[55°01'01.54 N 1°27'28.83 W]
Bedroom. Ana's first floor flat in a Victorian house near the coast of Tynemouth. The room contains a wardrobe, a bed and a bedside table. The walls are red. The duvet cover is red. On the bedside table there is an empty glass and an open pair of scissors. Next to the empty glass there are two white rectangular boxes. One of them once contained sleeping tablets. The other once contained painkillers.
~Are you still there?~
You've ruined the end.
Now I know what's going to happen.
The plot has you coming back to kill me.
A twist in the narrative.
[five second silence]
I had cast you in the role of handsome prince.
How strange that you should turn out to be my killer.
But that's an end.
And now I need to find a beginning.
~Are you there?~
~Will you listen?~
~Do you remember?~
I am remembering when we were courting.
It was always cold.
I'm thinking back to when you wrapped your arm around me as we walked along Tynemouth beach.

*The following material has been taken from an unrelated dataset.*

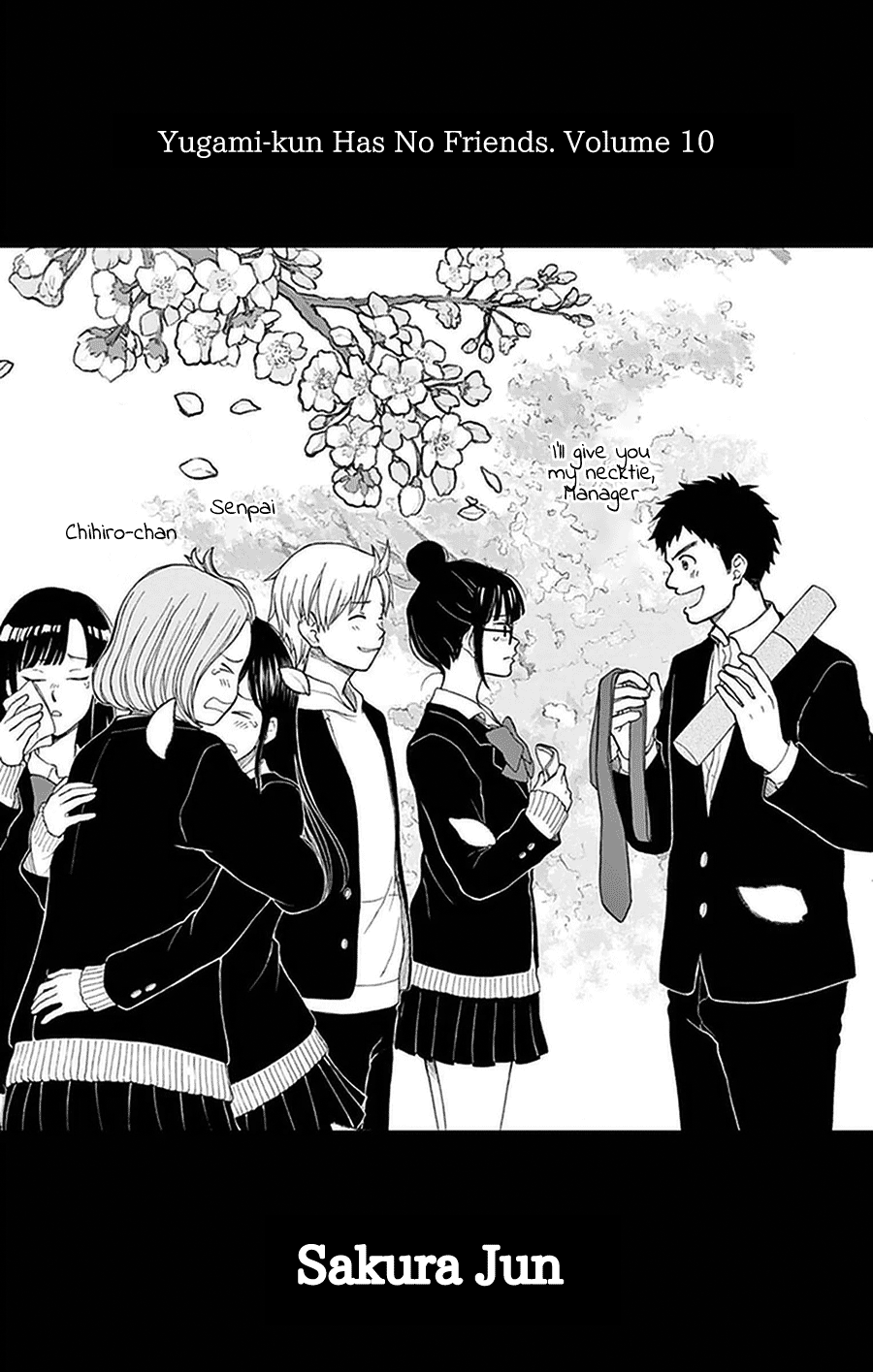 Yugami-Kun Ni Wa Tomodachi Ga Inai - Vol.10 Chapter 47: Yugami-Kun Delivers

I remember you folding me into you.
The image is practically cinematic.
~Do you remember?~
[five second silence]
We wore matching scarves.
I had knitted them and they had holes where I had dropped stitches.
You had laughed at my fumbling attempt.
[sound: a throaty laugh]
I had dropped many stitches.
But you said that you loved them.
~Didn't you?~
That they were perfectly us.
~Do you remember?~
The scarves wrapped around us.
They bound us together.
You could climb up your scarf to mine.
~Do you remember?~
And then you found that knobbly washed-up stick.

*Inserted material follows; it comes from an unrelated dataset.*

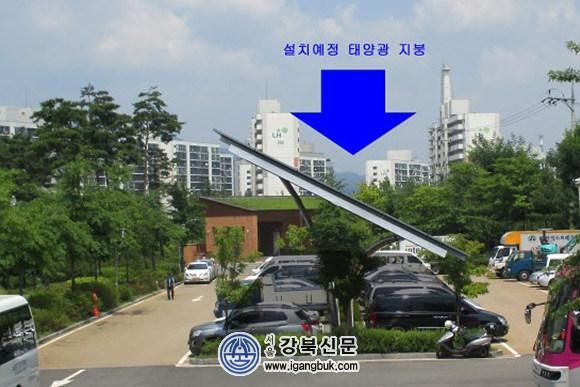 초안산 근린공원 태양광 발전시설 설치한다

And you wrote our names in the sand in those huge perfectly straight lines.
And those lines stood together and made the flawlessly straight letters of our names.
ALEX+ANA.
You said that our names and our lives and everything that we would ever choose to do would be straight.
And I thought that you liked that.
[sound: sniff sniff]
I thought that the neatness and the organisation and the perfectly horizontalness.

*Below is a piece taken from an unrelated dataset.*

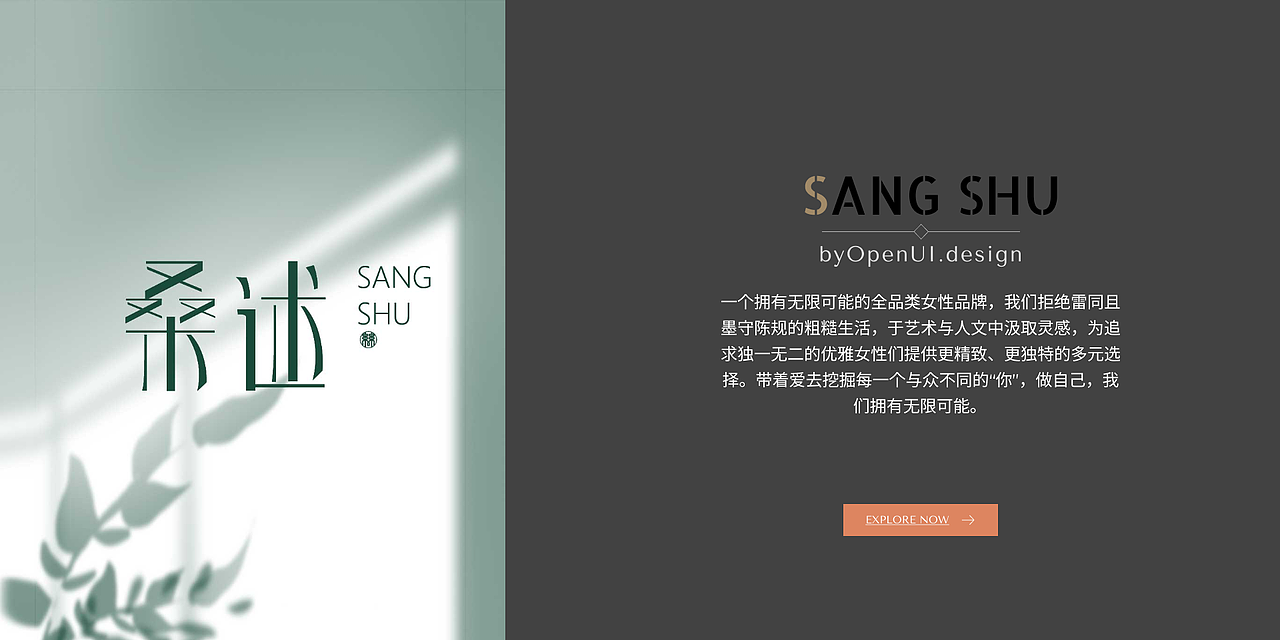 交互设计作品集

Well I thought that you liked that.
[volume: high]
No kinks and no bends.
A perfectly straight route from here to there.
From there to here.
To nowhere else.
And on that day when you wrote our two names into the sand.
Well I didn't realise that one day.
When you wanted.
That you'd wash away the +ANA that was joined to the ALEX.
[sound: sobbing]
[silence]
But your name would never go away.
It grew fainter, but it is still there.
I still see it there.
I can still see ALEX+ANA.
[sound: throat clearing]
You started a new life.
ALEX+SUE.
But I can't write another name.
There are no other names that are perfectly straight and perfectly able to cover ALEX.
[silence]
But you went off.
And you found that new name.
And it had curves in it because you had decided that you preferred curves.
The lines no longer needed to be straight.
You adapted.
You accepted.
You left me here.
You left me.
Trapped.
[silence]
My room is a box.
A black box.
A sometimes ruby red box.
~Is that confusing?~
You trapped me in here.
[voiced: unrecognisable word]
[volume: low]
I have a front.
I have a back.
They are my window and my door.
My door takes me to my children.
My door keeps me from your Pip and my Davie.
Our two children.
~They are your children too.~
~But you know that they are your children too!~
~Am I trying to be too clever?~
The view from my window is ever changing.
I see the sand.
I see the sea.
And that image is my painting mounted in a chipped red window frame.
A sometimes black window frame.
A perfect square.
A perfect painting.
A painting that holds the memories of you and me.
We met as students.
~I know that you remember that.~
We lived in the same halls.
On the same corridor.
And we met in the first week.
You were so quiet.
All the girls wanted to know you.
To know what made you tick.
You were different.
You carried books around with you.
And you read those books.
You had a guitar.
And you could play your guitar.
Your friends were all girls.
You preferred female company.
And although girls flashed their breasts at you and although girls flicked their flowing hair and offered themselves to you.